Take the listing below and write it out again exactly, skipping any picture that it holds.

# SUPPLIED INFORMATION
=== Begin Enclosure ===

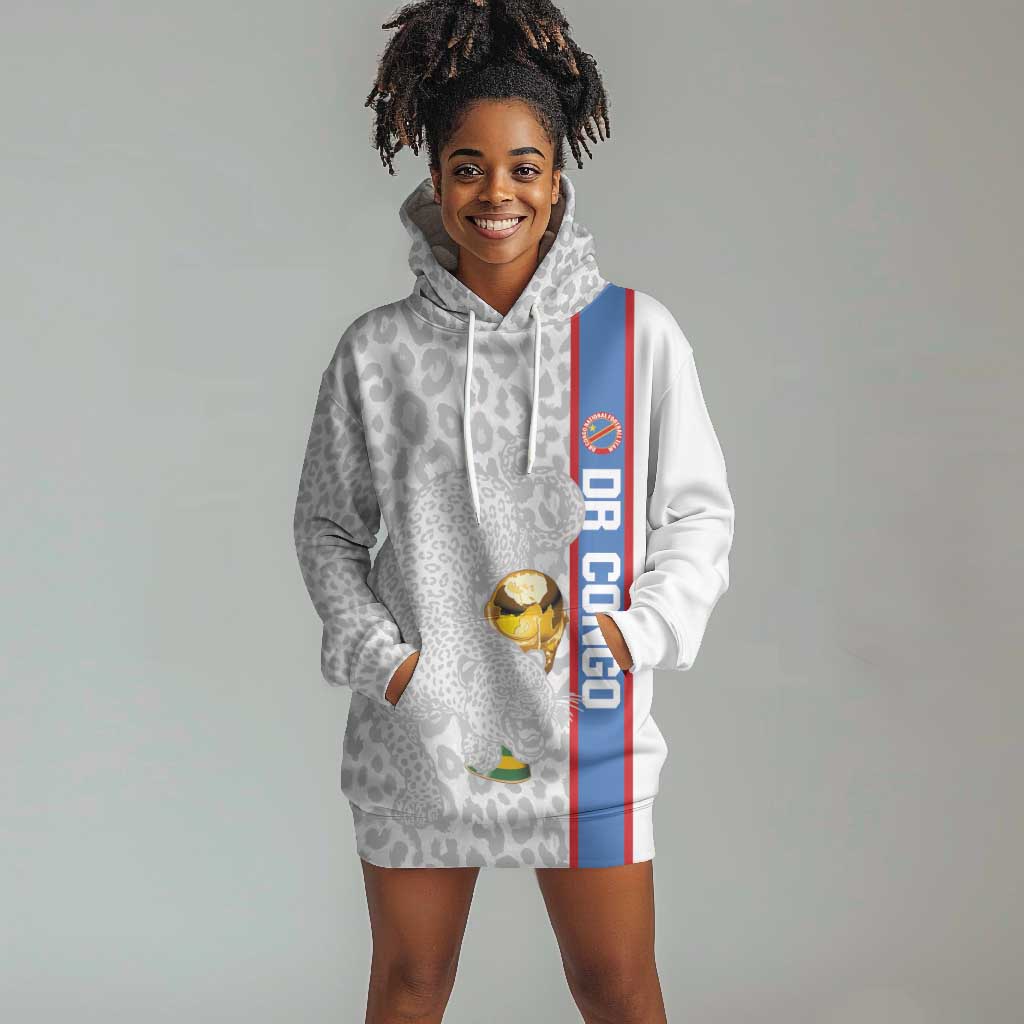 DR Congo Football Custom Hoodie Dress Come On Leopards White Color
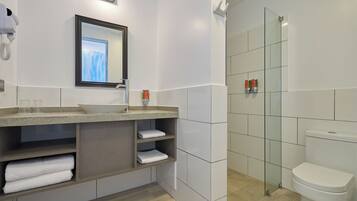 A modern bathroom with a glass shower enclosure, a sink with a mirror, and a toilet.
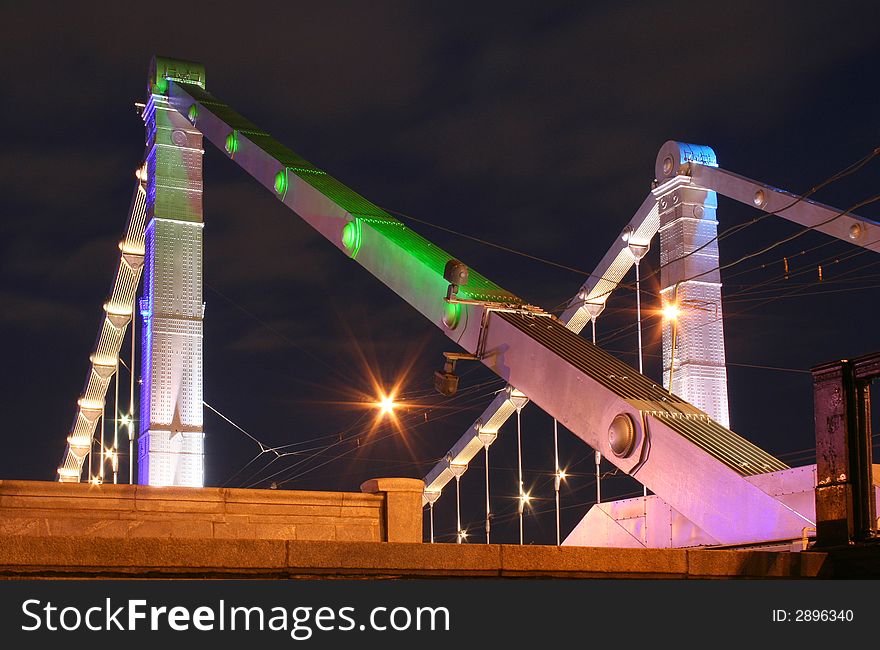Bridge with colourful lamps in night time. Bridge with colourful lamps in night time
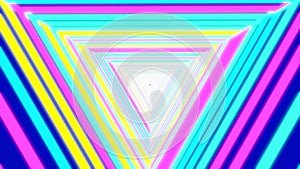 Abstract neon triangle Different Colors tunnel. Background Futuristic Tunnel with Neon Lights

=== End Enclosure ===

# SOLUTION FOR THIS EXERCISE
 DR Congo Football Custom Hoodie Dress Come On Leopards White Color
 A modern bathroom with a glass shower enclosure, a sink with a mirror, and a toilet.
Bridge with colourful lamps in night time. Bridge with colourful lamps in night time
 Abstract neon triangle Different Colors tunnel. Background Futuristic Tunnel with Neon Lights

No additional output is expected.